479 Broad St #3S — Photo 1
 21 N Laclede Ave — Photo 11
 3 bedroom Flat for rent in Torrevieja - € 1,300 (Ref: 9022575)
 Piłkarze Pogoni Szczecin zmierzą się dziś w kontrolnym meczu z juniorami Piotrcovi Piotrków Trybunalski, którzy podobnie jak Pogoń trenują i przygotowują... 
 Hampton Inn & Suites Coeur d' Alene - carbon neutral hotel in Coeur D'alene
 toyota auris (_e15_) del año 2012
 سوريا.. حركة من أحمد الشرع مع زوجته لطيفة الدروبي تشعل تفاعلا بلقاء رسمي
--*--
Every one of the entries must be printed exactly.

479 Broad St #3S — Photo 1
 21 N Laclede Ave — Photo 11
 3 bedroom Flat for rent in Torrevieja - € 1,300 (Ref: 9022575)
 Piłkarze Pogoni Szczecin zmierzą się dziś w kontrolnym meczu z juniorami Piotrcovi Piotrków Trybunalski, którzy podobnie jak Pogoń trenują i przygotowują... 
 Hampton Inn & Suites Coeur d' Alene - carbon neutral hotel in Coeur D'alene
 toyota auris (_e15_) del año 2012
 سوريا.. حركة من أحمد الشرع مع زوجته لطيفة الدروبي تشعل تفاعلا بلقاء رسمي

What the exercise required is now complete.